Laid out in front of me was the aftermath of the previous evening’s storms. Boulders were strewn over the road and beyond. This beach has National Trust parking and is a haven for fair weather visitors, but there is equal majesty off season, nature in all her forms at this melting pot. Even as the debris was being cleared, the sun broke through and another fine day began, at this idyllic corner of North Cornwall.
Viv, from the National Trust, surveys the storm damage.
The calm after the storm.
A misty gown cloaked Port Quin for this morning re-visit. I walked out to the headland and the site of Doyden Castle, with its remaining Victorian tower. The greys, whites, blues and blacks fused together on the horizon, with the Rumps to the west and Port Isaac round to the east. Looking back along the narrow, peaceful inlet towards the hamlet of Port Quin on a high tide, it was hard to imagine this as the scene of shipwrecks in the past.

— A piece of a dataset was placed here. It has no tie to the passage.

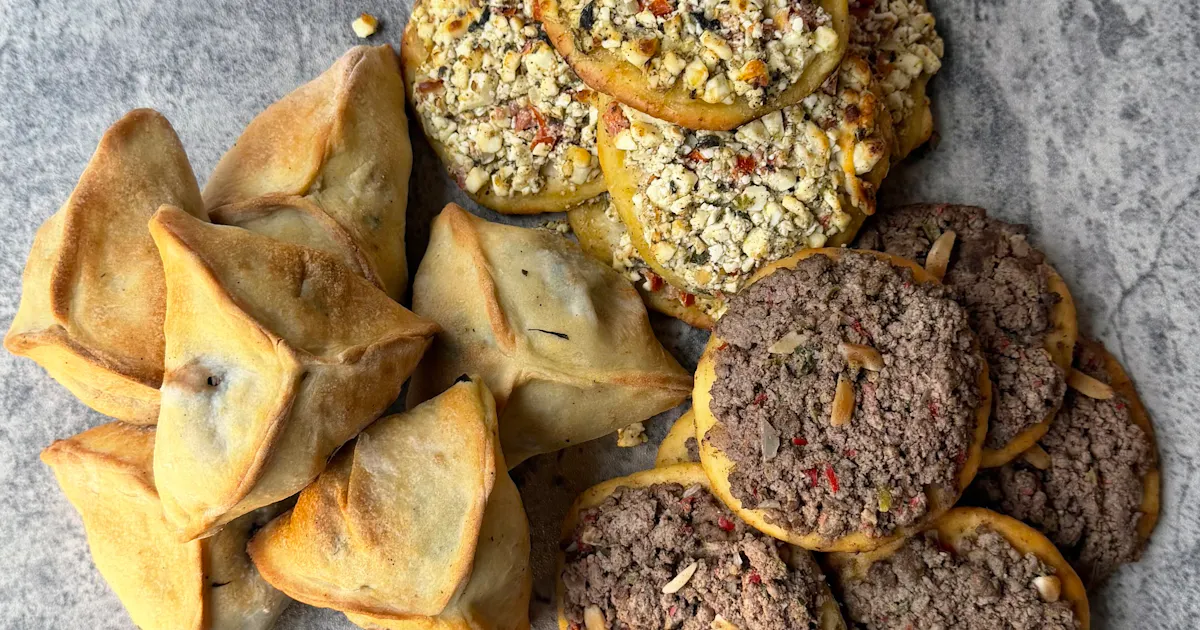Savory Mini Pie Sampler - 18 Pack by Tanoreen | Goldbelly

Theresa’s enduring affection for this inlet and its familiarity to her.
Looking back towards Port Quin, on a high tide.
To catch the evening light, I added Port Quin to my itinerary for April 10th, knowing that there’d also be a full tide, compared to the low tide for my last visit. I walked along the path to the mouth of the cove, for a breathtaking view back to the slipway, as well as west towards the Rumps. It was well worth the trip.
A visiting couple appreciate the light and more…

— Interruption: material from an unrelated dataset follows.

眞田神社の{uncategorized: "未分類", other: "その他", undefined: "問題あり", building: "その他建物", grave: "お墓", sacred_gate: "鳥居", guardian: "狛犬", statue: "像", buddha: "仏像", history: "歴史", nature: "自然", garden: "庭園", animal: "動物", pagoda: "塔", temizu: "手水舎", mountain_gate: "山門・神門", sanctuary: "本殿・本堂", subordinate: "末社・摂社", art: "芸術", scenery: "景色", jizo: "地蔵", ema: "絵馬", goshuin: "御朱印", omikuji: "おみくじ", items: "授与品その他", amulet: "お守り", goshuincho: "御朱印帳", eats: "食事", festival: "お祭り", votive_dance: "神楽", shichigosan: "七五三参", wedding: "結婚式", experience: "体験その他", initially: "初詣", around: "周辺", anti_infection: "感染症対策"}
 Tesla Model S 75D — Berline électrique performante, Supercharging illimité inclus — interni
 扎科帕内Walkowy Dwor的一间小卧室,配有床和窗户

Port Quin at high tide, from the slipway.
Port Quin is an unspoilt cove, just west of Port Isaac, and makes up the second of the manonabeach® “Port…” trilogy of visits. This is a great location to start a South West Coast Path walk. I would describe the section from Port Quin to Port Isaac as one of the most beautiful sections of the entire walk, although it’s hard on the calf muscles. I was on the beach at low tide to enjoy the caves there and to chat with Sam, who runs a kayak and coasteering school, part of his family’s diversification from farming. There are no shops here, but the scenery is breathtaking.
My chat with local man Sam, who is the 4th generation of his family at Port Quin.
The cove at Port Quin and one of its beach caves.